Work instructions:
Leaving out every picture, please repeat exactly the line that contains "Used BYD Destroyer" and each line after it through the final line below.

Available data:
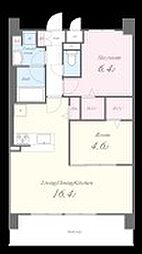 フェンテイーストII 1062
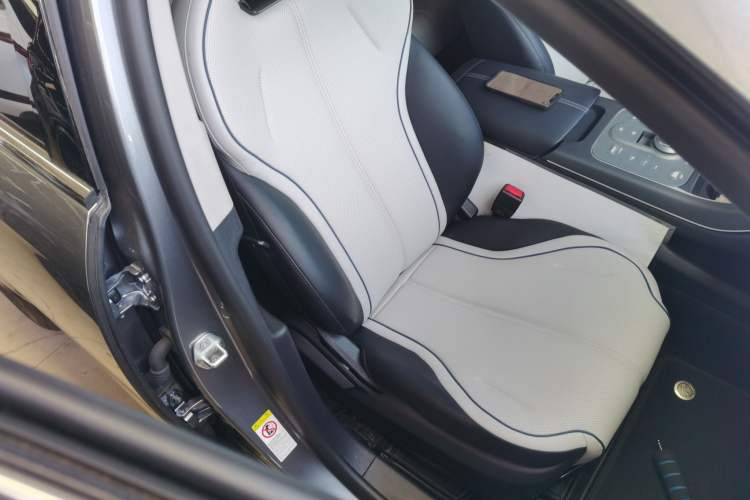 Used BYD Destroyer 05 2024 HONOR Edition DM-i 55KM Luxury Model Right Front Seat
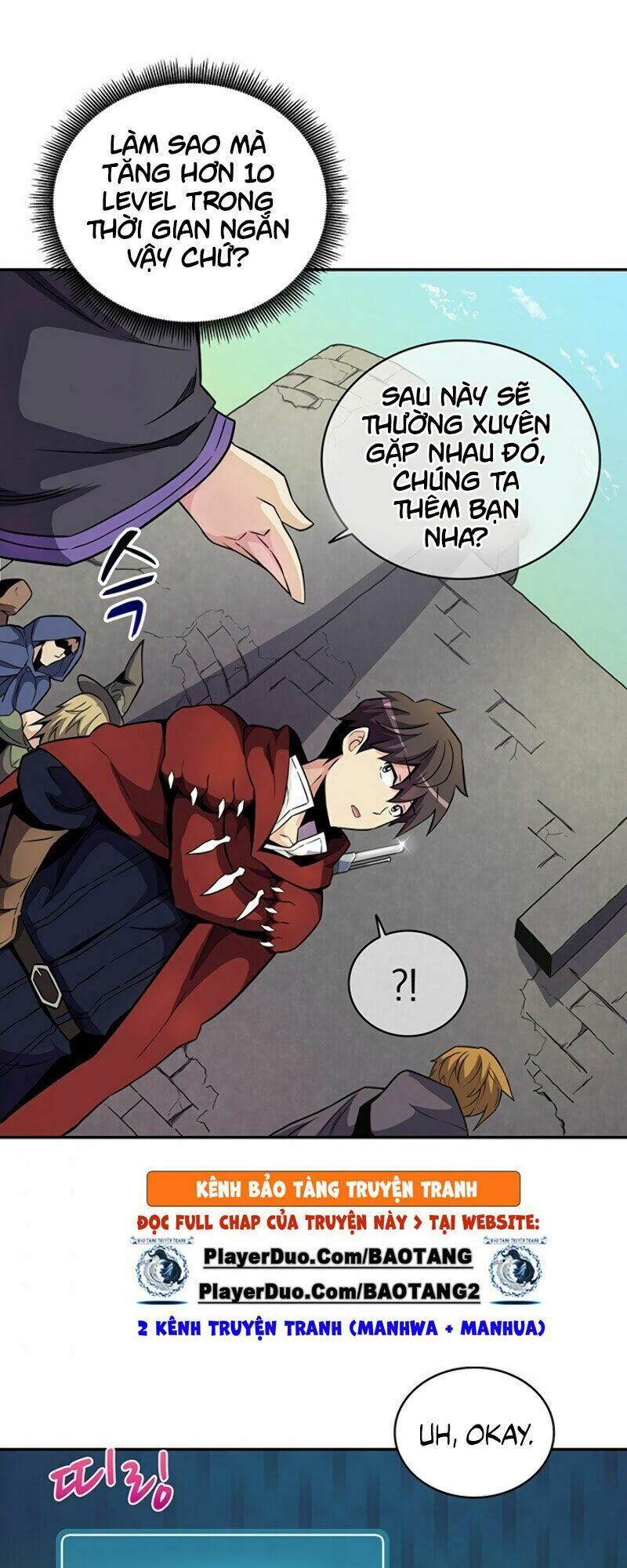 arcane sniper chapter 21 58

Reply:
 Used BYD Destroyer 05 2024 HONOR Edition DM-i 55KM Luxury Model Right Front Seat
 arcane sniper chapter 21 58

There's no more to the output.